Figure 5. Comparing Private and Public Historical Index Returns. As of September 30, 2016 • Annualized
Figure 5. Comparing Private and Public Historical Index Returns
As of September 30, 2016 • Annualized

Sources: Cambridge Associates LLC and MSCI, Inc. MSCI data provided “as is” without any express or implied warranties.
Notes: Cambridge Associates mPME methodology replicates private investment performance under public market conditions and allows for an appropriate comparison of private and public market returns. The mPME analysis evaluates what return would have been earned had the dollars invested in private investments been invested in the public market index instead. Total return data for the MSCI ACWI are gross of dividend taxes through fourth quarter 2000 and net of dividend taxes thereafter.

Although carefully selected private investments offer very attractive return potential (net of fees), decisions about their inclusion should reflect plan size and projected liquidity needs. Each type of private investment fund has a distinct liquidity profile and specific cash flow characteristics. For example, at one extreme is venture capital, with no yield and unpredictable cash flows (both commitments and return of capital), and at the other extreme is direct lending, with a large current income component and a more predictable, bond-like cash flow profile (Figure 6).
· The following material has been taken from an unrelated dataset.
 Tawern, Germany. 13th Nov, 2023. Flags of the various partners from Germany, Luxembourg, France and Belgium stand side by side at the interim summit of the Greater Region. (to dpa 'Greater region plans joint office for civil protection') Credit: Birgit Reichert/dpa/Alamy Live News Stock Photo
Trustees often underestimate their plan’s tolerance for private investments by assuming that all strategies exhibit the liquidity profile of the most illiquid end of the private investment spectrum.

Figure 6. Key Characteristics of Private Investments
Figure 6. Key Characteristics of Private Investments

Source: Cambridge Associates LLC.
Note: This is a partial list of common private investment strategies and their general characteristics; a specific strategy will have its own unique characteristics that may be different from those shown here.
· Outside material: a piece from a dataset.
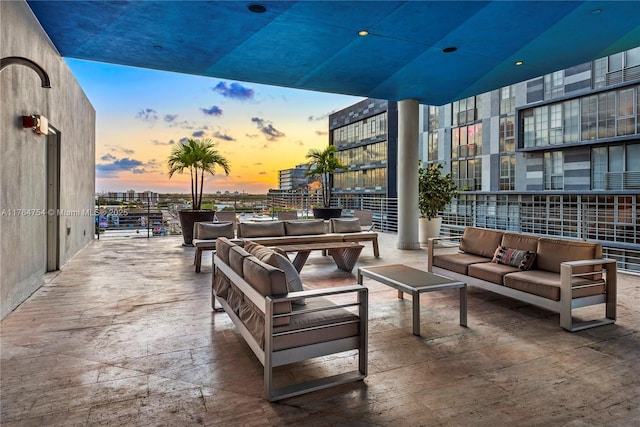 patio terrace at dusk with an outdoor living space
Thus, extensive asset and liability cash flow modeling and stress testing over a ten- to 15-year horizon is critical to determine: the appropriate target weight to private investments; the types of private investments to include; the pacing of commitments to these strategies; and the implications for the rest of the asset allocation. For example, a plan with economically sensitive contributions and relatively large outflows would likely be more focused on income-oriented, shorter lock-up private credit. Alternatively, a barbell approach could be employed, with an allocation to private equity and a larger allocation to liquid, core fixed income.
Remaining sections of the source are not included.